Security officials then said the cell’s nickname, essentially a description of a security measure, was banned from being spoken in court. The ban continues, although the military showed reporters the new jumbo cell before a hearing on the 20th anniversary of the September 11 attacks.
“This is an ad hoc classification system,” said James P. Anderson, the security specialist on Abd al-Hadi al-Iraqi’s defense team, who spent nights in the courthouse cell. “Things that were previously unclassified are classified only because the person viewing them is uncomfortable using them. It defies all reasonable logic.”

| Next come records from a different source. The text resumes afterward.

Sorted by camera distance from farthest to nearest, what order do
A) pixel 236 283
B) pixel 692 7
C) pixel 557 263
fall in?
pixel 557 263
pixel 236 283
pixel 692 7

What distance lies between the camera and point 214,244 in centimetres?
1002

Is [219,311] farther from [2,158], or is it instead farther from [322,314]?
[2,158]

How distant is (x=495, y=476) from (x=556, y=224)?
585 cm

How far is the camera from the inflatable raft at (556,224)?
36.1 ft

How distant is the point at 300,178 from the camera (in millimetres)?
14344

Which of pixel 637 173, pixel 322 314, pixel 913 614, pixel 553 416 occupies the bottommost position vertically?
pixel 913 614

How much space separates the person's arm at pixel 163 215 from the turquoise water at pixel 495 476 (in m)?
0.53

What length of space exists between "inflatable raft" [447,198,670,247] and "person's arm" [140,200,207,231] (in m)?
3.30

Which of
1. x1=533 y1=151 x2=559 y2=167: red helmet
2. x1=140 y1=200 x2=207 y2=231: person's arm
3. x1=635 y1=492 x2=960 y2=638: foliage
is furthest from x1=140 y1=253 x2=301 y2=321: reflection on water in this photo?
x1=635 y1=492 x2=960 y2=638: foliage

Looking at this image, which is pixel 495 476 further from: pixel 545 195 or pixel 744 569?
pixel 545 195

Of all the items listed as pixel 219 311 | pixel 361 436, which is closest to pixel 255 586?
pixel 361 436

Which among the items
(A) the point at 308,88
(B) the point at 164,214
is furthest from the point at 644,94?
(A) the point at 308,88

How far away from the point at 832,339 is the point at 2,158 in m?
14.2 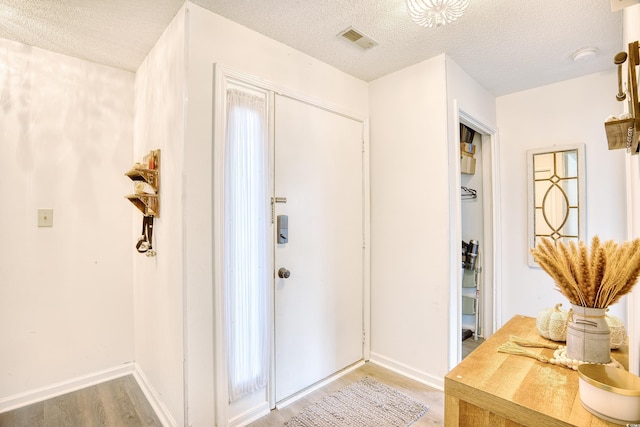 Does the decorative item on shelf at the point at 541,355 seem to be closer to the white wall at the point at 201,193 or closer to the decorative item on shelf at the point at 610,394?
the decorative item on shelf at the point at 610,394

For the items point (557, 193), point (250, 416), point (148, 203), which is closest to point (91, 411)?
point (250, 416)

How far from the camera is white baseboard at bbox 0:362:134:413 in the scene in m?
2.09

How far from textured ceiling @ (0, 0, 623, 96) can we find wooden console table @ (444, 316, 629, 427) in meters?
1.88

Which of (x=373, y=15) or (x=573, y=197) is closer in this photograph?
(x=373, y=15)

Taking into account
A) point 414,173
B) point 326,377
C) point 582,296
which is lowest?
point 326,377

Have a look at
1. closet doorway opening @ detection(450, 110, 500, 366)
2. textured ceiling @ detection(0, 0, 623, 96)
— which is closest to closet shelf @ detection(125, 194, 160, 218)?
textured ceiling @ detection(0, 0, 623, 96)

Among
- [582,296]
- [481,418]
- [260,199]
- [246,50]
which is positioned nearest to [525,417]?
[481,418]

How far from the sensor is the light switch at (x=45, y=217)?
7.36 feet

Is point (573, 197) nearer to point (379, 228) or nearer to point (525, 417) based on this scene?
point (379, 228)

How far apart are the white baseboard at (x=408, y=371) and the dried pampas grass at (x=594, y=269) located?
5.41ft

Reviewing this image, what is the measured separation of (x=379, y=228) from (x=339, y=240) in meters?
0.43

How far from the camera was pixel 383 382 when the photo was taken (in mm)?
2402

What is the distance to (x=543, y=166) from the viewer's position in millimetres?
2916

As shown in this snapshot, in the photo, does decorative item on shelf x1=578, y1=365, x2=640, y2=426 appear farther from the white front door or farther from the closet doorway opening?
the closet doorway opening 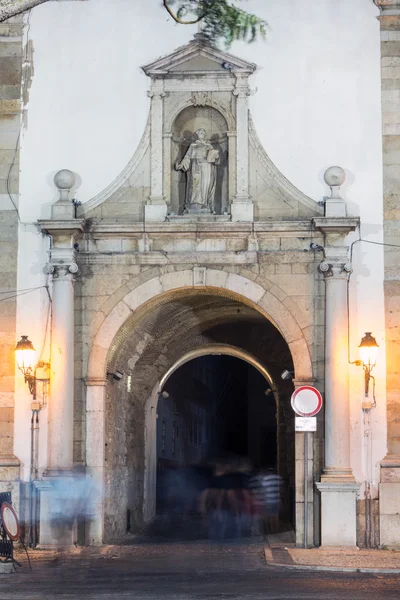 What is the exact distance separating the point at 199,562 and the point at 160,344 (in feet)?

On the evening of October 28, an anonymous government official sent a judge to censor a paragraph from a statement a prisoner was about to read to a military jury about his torture by the CIA.
The judge considered the request and declined, noting that the statement was unclassified.
In it, inmate Majid Khan quoted Jose Rodriguez, the CIA’s former counter-terrorism director, who said in a newspaper article that “mistakes were made” in the operation of a particularly creepy CIA prison known as the Salt Pit. mr. Khan was tortured there in 2003.
In November, US Marines escorted reporters and others to the fabled Northeast Gate, a passageway into Cuban-controlled territory.
Before this visit, tourists were told they were allowed to take selfies at the oft-photographed gate, but were not allowed to post or publish them.
To reach the gate, motorists drive past the remains of Camp X-ray, Guantanamo’s first wartime detention site, now a weed- and rodent-infested labyrinth of cells made from wire mesh fencing. Military officials for a time banned reporters from filming there, citing unspecified security reasons. A senior official intervened. Now reporters who are at the base on January 11 can take photos there – 20 years before the arrival of the first Camp X-ray inmates.